GROSS: So we’ve been talking about Orwell. Let’s talk about Churchill a little bit. He was a writer, too. He wrote memoirs. He had early in his career been a war correspondent. And, of course, he made very stirring speeches that helped get the British through World War II.

So when you look at his speeches and his writing, what do you think are his most important contributions in terms of moving people or making them – you’re strengthening them through words?

RICKS: Churchill was a politician, but you’re right, he made his living by writing. He wrote and published 15 million words in his lifetime. That’s a river of words. That’s an avalanche of words, never ending for decades upon decades. But of all the words that Churchill wrote or uttered, the most important ones are the speeches he gave in 1940, which is really the crucial period in his life and I think the crucial period in Western history over the last couple of centuries.

1940, England is at war with Germany. America is not yet in the war. Holland, Belgium, Denmark and France have fallen much more quickly than anybody expected. And so there are a couple of speeches that Churchill gives during that period that I just take to heart, and I love. And I have read again and again. He becomes prime minister early in May.

And at the end of May, the British have this disastrous situation in France and Belgium where their troops are being thrown back up against the sea. The French are moving toward surrender, and the Nazis have just rolled over the allies. And several hundred thousand British and French troops are pinned up against the beaches of the English Channel around Dunkirk, Belgium.

And they managed to get out most of the troops, but almost none of the guns, tanks, trucks and heavy weaponry that’s left on the beaches. And England has its back to the wall. It’s alone in Europe facing the Nazis. It’s not clear that it really can fight. And Churchill’s in a very difficult political position. He’s not trusted by his own party. And the Labor Party regards him as a little bit of an imperialist rogue who can’t be completely trusted, but he stands up and he says, this is what we’re going to do now. (Reading) We shall fight in France. We shall fight on the seas and oceans. We shall fight with growing confidence and growing strength in the air. We shall defend our island, whatever the cost may be.

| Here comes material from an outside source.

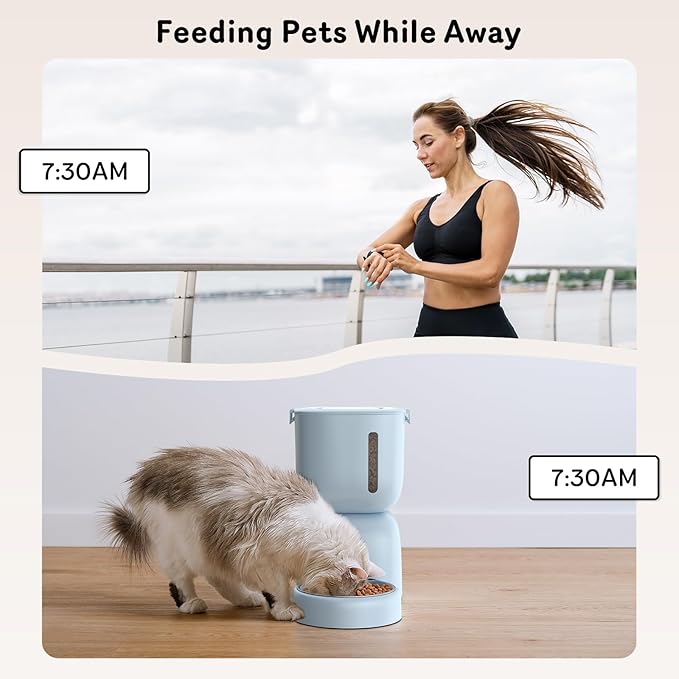 Automatic Cat Feeder and Water Dispenser FW1, Wire or Battery Cat Food Dispenser Timer Pet Feeder - Locking Lid, Desiccant Bag, Programmable Portion Control, 4 Daily Meals, 10s Voice Recorder-Blue-PawvioPets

And then he describes something that’s quite striking. He talks about where the fight will be. And he describes a fighting retreat from the ocean up to the mountains, almost envisioning how a German invasion might go. And this is probably the most famous words that Churchill ever uttered. (Reading) We shall fight on the beaches. We shall fight on the landing grounds. We shall fight in the fields and in the streets. We shall fight in the hills. We shall never surrender. And even if, which I do not for a moment believe, this island or a large part of it were subjugated and starving, in our empire beyond the seas, armed and guarded by the British fleet, would carry on the struggle until in God’s good time the new world with all its power and might steps forth to the rescue and liberation of the old.

And there you have, in Churchill’s dramatic rhetoric, his basic war plan. We will fight. We will not give up. And eventually, we hope the Americans will come in and tip the balance so we can win this war against Germany. That is his war plan. He basically wants to find a way to get the Americans to come in because then he knows he will win.

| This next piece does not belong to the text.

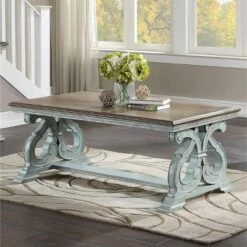 Crimber Trestle Coffee Table Oak/Antique Blue - miBasics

GROSS: Well, you’ve quoted Churchill. Let me quote you (laughter). You write in your book (reading) in wartime, people will believe the worst if they are not told the truth or something close to it, perhaps mixed with a vision of the way forward. When a politician offers nothing but empty and deceptive rhetoric, he is implicitly conceding something very close to defeat.

I’m interested in what inspired you to say that and how that relates to what you just read from Churchill.